All of this, we should note, is likely to be managed best at the facility level rather than at the virtual network level.  NaaS is a wonderful thing for operations, but less so as the target of remediation.  Real faults can’t be corrected in the virtual world; the best you could do is to rebuild the virtual structure to accommodate real conditions.  That could create the classic fault avalanche, and it would be easier and less process-intensive in any event to remediate what can really be fixed—there’s less of it and the actions are more likely to be decisive.

There’s an impact on testing here, too.  The industry has been struggling with the question of whether you should do “connection network” testing in even IP networks, where finding a traffic flow means examining routing tables to see where it’s supposed to go.  In NaaS-modeled networks, we have a clean separation of connectivity and the associated underlayment, but even that underlayment may be based on IP and adaptive behavior.

One possibility for testing is the “deep dive” model; you go to the bottom layer that’s essential for everything else and test the facilities there.  This is difficult to separate from monitoring, though.  Another possibility is to maintain connection-level testing, but that’s going to be much more difficult unless you have a standard mechanism for setting up an overlay network.  Today in SD-WAN, for example, we have dozens of different overlay encapsulation approaches; can we expect test vendors to adapt to them all?

The best approach is probably to provide what could be called a “testing API”, which probably doesn’t need to be anything more complicated than a way to establish a specific pathway then examine how traffic flows through it.  Since this pathway would look like a standard connection to the NaaS layer, you’d be able to get it in a standardized way even if the underlying encapsulation of the overlay network differed from vendor to vendor.

There’s still our reality of fixing virtual problems in the real world to contend with.  Do we really want to do “testing” anywhere except at the connection edge of a NaaS or at the physical facilities level?  What do we expect to learn there?  That’s something testing vendors will need to think about, particularly as we expand our goals for automation of service lifecycle management.  There’s little point to that if we then expect networking personnel to dive into bitstreams.

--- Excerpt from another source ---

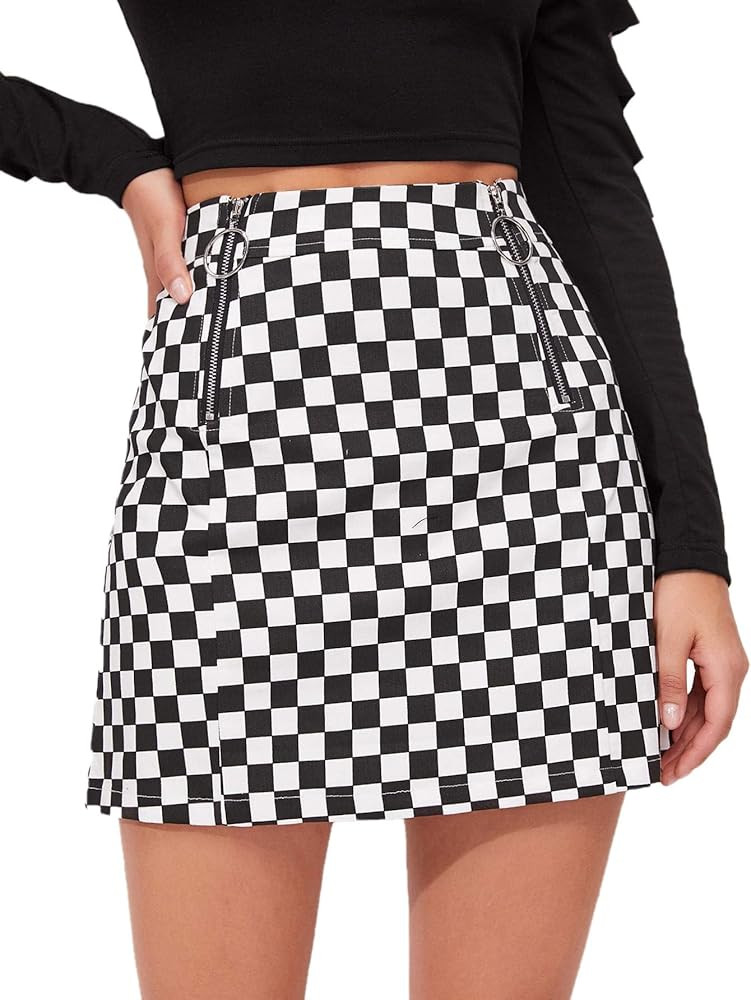 WDIRARA Women's Elegant Mid Waist Above Knee O-Ring Zipper Plaid Mini Skirt | Amazon (US)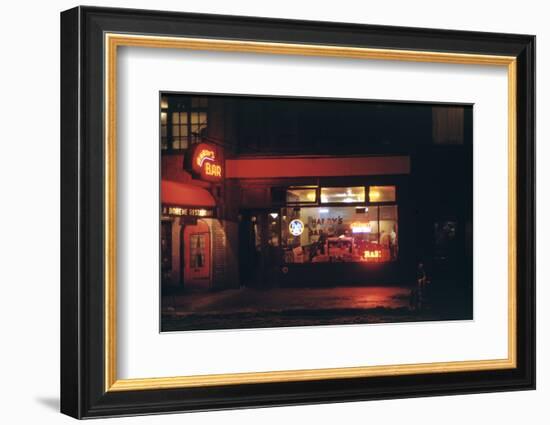 1945: Harry's Bar' Lit Up at Night, 52nd Street, Midtown Area, New York, Ny-Andreas Feininger-Framed Photographic Print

Again, simulation and AI can help.  We need to think more in terms of what abnormal conditions would look like and how they should be remediated, and less in terms of geeks with data line analyzers digging into protocols.  The rational goals for network automation, like the implementations of network modeling, should focus on intent-modeled elements that self-remedy within their scope.  If we set that goal, then AI and simulation are going to prove to be very powerful tools for us in the coming years.